Prompt-tuning has shown remarkable potential in classification tasks, particularly under data-scarce conditions. However, the construction of the verbalizer—responsible for mapping between the label space and the label word space—has been a bottleneck due to its design's heavy reliance on either manual crafting or data-intensive algorithms. These methods often introduce bias and result in high variance, limiting their robustness, especially in zero-shot and few-shot scenarios.

The proposed KPT addresses these challenges by expanding the verbalizer using external KBs, thereby enlarging the label word space far beyond the constraints of handcrafted or gradient-searched approaches. The methodology is structured into three pivotal stages: construction, refinement, and utilization.

  1. Construction: The expansion leverages KBs to cover a broader range of label words, capturing different granularities and perspectives. For example, in a topic classification task, KPT extends single-word mappings to sets of words (e.g., "science" might encompass "physics," "chemistry," and "biology"), thereby creating a richer vocabulary available for classification.
  2. Refinement: Given the expansion potentially introduces noise, four refining strategies are employed:
    • Frequency Refinement filters low-frequency words using contextualized priors to maintain high-quality predictions.
    • Relevance Refinement assesses and retains label words that are significantly more relevant to their intended classes.
    • Contextualized Calibration adjusts for the inherent bias some label words possess due to frequency effects.
    • Learnable Refinement further tunes these probabilities using labeled data in few-shot settings to adjust the averaging weights for label word contributions.
  3. Utilization: The refined label words are then averaged or weighted averaged when determining the final classification label, with the weighted approach emphasizing probabilities learned during the training phase.

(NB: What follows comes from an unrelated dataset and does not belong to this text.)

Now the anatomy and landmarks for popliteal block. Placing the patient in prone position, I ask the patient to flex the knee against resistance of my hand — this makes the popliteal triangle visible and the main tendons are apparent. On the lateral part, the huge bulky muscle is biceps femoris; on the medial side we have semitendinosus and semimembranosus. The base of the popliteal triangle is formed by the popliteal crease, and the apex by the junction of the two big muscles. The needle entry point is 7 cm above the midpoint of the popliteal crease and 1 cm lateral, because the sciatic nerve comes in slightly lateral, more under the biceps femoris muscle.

Empirically, KPT demonstrates significant performance boosts across various datasets and classification tasks, reducing error rates by 16% and 18% on zero-shot tasks and showing marked improvements in few-shot scenarios. The approach ensures a consistent reduction in variance, promoting more stable predictions than traditional prompt-tuning methods. The robustness of the method stems from the incorporation of external knowledge, which also shows resilience towards the limitations presented by scarce data availability in few/zero-shot learning settings.

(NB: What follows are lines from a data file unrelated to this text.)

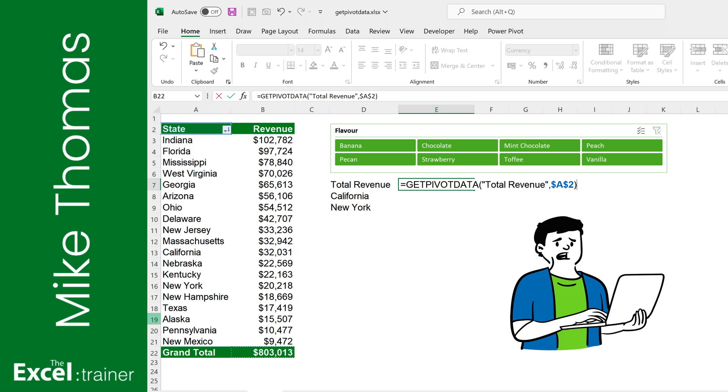Hi everyone, Mike from the Excel Trainer here. Get Pivot Data - you've probably heard of it, you might even have accidentally used it. But what is it? In this video, I'm going to demystify Get Pivot Data.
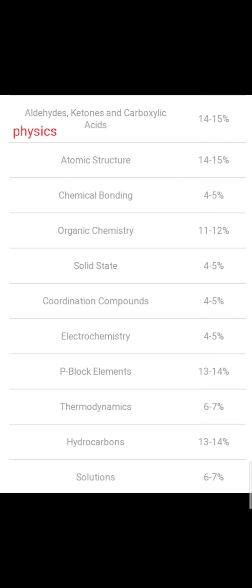Now we'll go for the weightage. Aldehydes, Ketones and Carboxylic Acids have 14 to 50% chances. Atomic Structure 14 to 15%, Chemical Bonding 4 to 5%, Organic Chemistry 11 to 12%, Solid State 4 to 5%, Coordination Compounds 4 to 5%, Electrochemistry 4 to 5%, P-Block Elements 13 to 14%, and Thermodynamics 6 to 7%, Hydrocarbons 13 to 14%, and Solutions 6 to 7%.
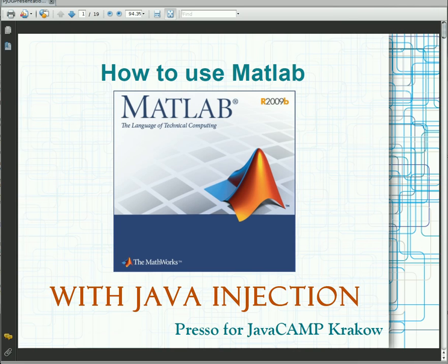Hello everybody! This presentation has been done at JavaCamp in Karkov. In this video I am going to show only the path focused on Java GSP server technology.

In summary, this work signifies a meaningful stride toward harnessing external knowledge to mitigate the limitations intrinsic to LLM prompting practices. Future investigations could explore incorporating KPT approaches into other NLP tasks beyond text classification, potentially expanding to text generation or a wider array of NLP applications. Furthermore, as KBs evolve, these mappings can be refined and enriched, further enhancing model robustness and performance.